The town of Hawkins, Indiana, though fictional, is much like any town that you or I have been to/through/around, even if it is on the smaller side. To those who don’t reside there, it may be a place to avoid, stop only to refill one’s gas tank en route to a further on destination or if there’s a restaurant that is a must-visit for one reason
or another. I personally was reminded most of Kenmare, North Dakota, a frequent pit stop during the five and half years I spent stationed at Minot AFB, ND. While out and about, we’d only stop there long enough to spend exorbitant amounts of money on both junk and questionably healthy foodstuffs or to use the bathroom at the one gas station along the highway, but never to do much else, as there really wasn’t much else for those not from Kenmare to do.
Relatably, Hawkins doesn’t offer much to the out-of-towner, but to those who call it home, it has everything one could want in a town where everyone knows not only everyone else, but also their business and doings, salacious and otherwise uninteresting.
Plot: All of the Glitz and Glamour is for Naught if the Story Sucks
While relatively straightforward in its approach, the story is a variably-paced one that wastes little time getting to the point. This is not to say that it is devoid of the meatier aspects of
storytelling. Character development is used wisely, fleshing out the motivations, interests and other features that make the characters likable. Small things that don’t mean much at face value but mean much more in an abstract way, such as El’s love affair with Eggo waffles being associated with feelings of being safe, since it was a staple for her while she was in hiding (what else are most twelve-year-olds able to make?).
While a little cliché in and of itself, the disappearance that starts the whole story is given a rather unique take in the direction the writers chose to not only have the majority of the investigation conducted but also the results of said digging for information. For me, it elicits a strong It vibe, but unlike It, the adults know of things and events but don’t really come into play until the second half of the storyline, with some notable exceptions.
Music: Enhancing the Mood Established by the Scenery, Hopefully
As I was initially drawn to this show because of online postings telling of the synthwave nature of its soundtrack, I cannot say that I was disappointed in the slightest upon hearing the rest that was merely teased at by the intro, which I thought set the initial mood wonderfully. Though not as prominent as the soundtracks for other well-known shows, it is used tastefully throughout the season, setting the mood for each scene in which it is emphasized. Though not as complex as other synth-heavy soundtrack, its simplicity proves to be its greatest strength, adding to the mood and scenery without becoming the focus.
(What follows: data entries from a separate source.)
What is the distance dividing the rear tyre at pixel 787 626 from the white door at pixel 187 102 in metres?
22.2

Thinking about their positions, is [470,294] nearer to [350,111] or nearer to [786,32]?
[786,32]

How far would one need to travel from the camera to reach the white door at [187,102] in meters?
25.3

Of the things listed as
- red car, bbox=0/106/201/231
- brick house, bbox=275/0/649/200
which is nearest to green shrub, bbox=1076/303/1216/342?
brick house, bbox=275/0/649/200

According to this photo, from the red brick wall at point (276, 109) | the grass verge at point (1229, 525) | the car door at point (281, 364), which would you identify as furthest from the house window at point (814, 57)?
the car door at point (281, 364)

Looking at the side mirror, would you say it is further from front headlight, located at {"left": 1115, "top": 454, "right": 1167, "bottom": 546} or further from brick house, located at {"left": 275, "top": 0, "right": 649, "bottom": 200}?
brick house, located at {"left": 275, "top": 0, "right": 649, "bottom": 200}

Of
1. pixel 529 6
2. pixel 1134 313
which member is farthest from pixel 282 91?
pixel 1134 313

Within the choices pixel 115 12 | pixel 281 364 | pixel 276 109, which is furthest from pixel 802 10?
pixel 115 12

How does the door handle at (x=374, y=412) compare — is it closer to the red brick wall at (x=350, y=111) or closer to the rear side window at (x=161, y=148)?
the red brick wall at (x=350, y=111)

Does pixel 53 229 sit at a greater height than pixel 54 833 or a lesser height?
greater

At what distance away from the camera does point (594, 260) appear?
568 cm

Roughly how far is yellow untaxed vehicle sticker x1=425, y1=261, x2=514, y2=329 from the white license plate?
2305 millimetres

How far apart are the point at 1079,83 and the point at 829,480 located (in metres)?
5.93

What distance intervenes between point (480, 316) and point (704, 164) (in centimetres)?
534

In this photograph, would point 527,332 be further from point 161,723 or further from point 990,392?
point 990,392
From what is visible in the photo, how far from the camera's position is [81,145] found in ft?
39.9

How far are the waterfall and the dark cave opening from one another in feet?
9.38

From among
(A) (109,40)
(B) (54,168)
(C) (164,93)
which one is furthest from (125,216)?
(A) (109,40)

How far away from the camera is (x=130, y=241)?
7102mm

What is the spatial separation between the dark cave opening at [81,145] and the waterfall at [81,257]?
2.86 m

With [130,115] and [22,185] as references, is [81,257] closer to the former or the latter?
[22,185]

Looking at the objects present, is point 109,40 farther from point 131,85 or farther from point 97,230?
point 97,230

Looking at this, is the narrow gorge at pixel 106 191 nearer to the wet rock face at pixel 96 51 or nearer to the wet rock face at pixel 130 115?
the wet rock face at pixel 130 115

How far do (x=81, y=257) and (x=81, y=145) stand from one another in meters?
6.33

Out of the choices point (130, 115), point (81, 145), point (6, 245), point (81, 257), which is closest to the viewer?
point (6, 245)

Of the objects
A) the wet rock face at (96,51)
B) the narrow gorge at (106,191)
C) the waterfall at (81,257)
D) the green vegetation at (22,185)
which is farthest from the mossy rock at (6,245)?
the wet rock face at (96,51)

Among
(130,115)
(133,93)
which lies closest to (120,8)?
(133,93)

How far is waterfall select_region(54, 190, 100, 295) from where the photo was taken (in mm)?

Overall: Should You Spend a Weekend Binge-Watching This? Or is Bingo a Better Waste of Time?
For not expecting much from a mystery surrounding a town that most would just drive through without so much as a thought, Stranger Things is just one more example of the variety of quality content Netflix has been funding in the last five years or so. My only real gripe with it other than the number of episodes being far too small for the world that was presented is the lack of exploration into the deeper meanings and possibilities that have been shown thus far. Fortunately, a second season has already been announced, so we’ll most likely see if this season was just a flash in a pan or if the follow-up can achieve at least the same level of critical acclaim, if not greater.
Note: As it has been a time since I last watched this, I’ll be rewatching it soon to see if it withstands rewatching. Most likely, it’ll be a new post, so in the meantime, watch the trailer for Season two a thousand times, pick it apart and write fanfiction of questionable quality. Or, just hold on to your waffles and loop the soundtrack for the next year while we wait to see what else is waiting for us in Hawkins, Indiana.